En el ámbito de la alimentación, disminuir el consumo de productos animales (como en la dieta mediterránea o en la vegana) y optar por productos locales y de temporada contribuye a reducir emisiones. También evitar el desperdicio alimentario, que podría recortar en un 23 % los gases de efecto invernadero provenientes de la agricultura y la ganadería.

Uno de los objetivos que se plantean para descarbonizar el transporte es sustituir los coches de combustión por coches eléctricos. Sin embargo, como advierte Arturo H. Ariño, de la Universidad de Navarra, estos últimos no solucionan el problema. Las mejores alternativas a los coches (ambientalmente hablando) son el transporte público, la bicicleta y los desplazamientos a pie.

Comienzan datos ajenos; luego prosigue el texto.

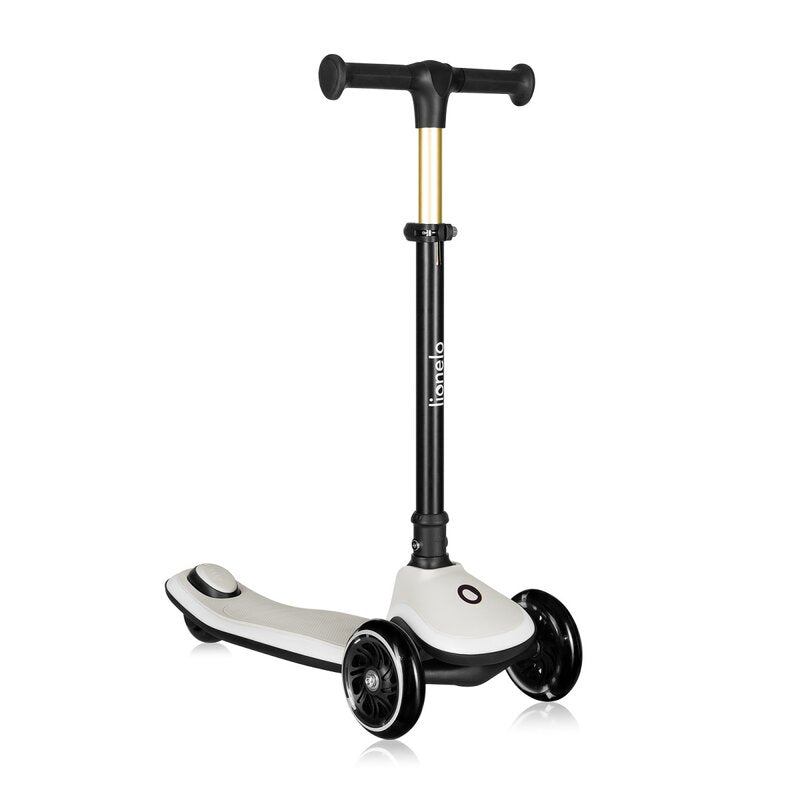 Trotineta pentru copii, Lionelo, Mey, Ultrapliabila, Cu lumini si cosulet, Maner ajustabil pe inaltime, 3 ani+, Pana la 50 Kg, Ultra usor, 2.8 kg, Conform cu standardul EN71-1/2/3, Certificata Intertek, Bej - gogobaby.ro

Otra forma de reducir nuestra huella de carbono es limitar los viajes en avión, sobre todo los cortos. Según explica Mariano Marzo Carpio, de la Universitat de Barcelona, la intensidad en carbono de los vuelos de menos de 500 km (155 gCO2/pasajero-km) puede llegar a duplicar la de los vuelos de media y larga distancia (entre 75 y 95 gCO₂/pasajero-km).

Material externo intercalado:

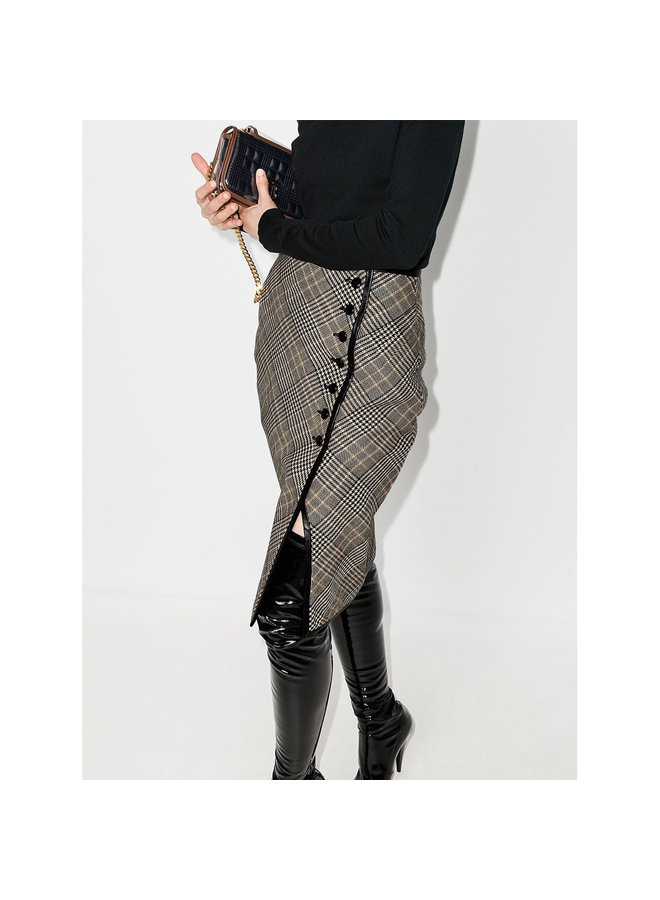 Midi Pencil Skirt in Wool Check Print in Beige/Black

Además, el funcionamiento de todos los servicios y aplicaciones que usamos en internet requiere una enorme cantidad de energía, que se traduce en emisiones. Por ejemplo, se estima que una hora de vídeo en streaming puede suponer la liberación de 55 gramos de CO₂.

Lo ideal sería que hubiese más información disponible sobre la huella de carbono de los productos y servicios para que los consumidores pudiéramos conocer su impacto climático y tomar mejores decisiones. Esperemos que en un futuro la situación cambie. Y también que las empresas se tomen más en serio su parte de responsabilidad.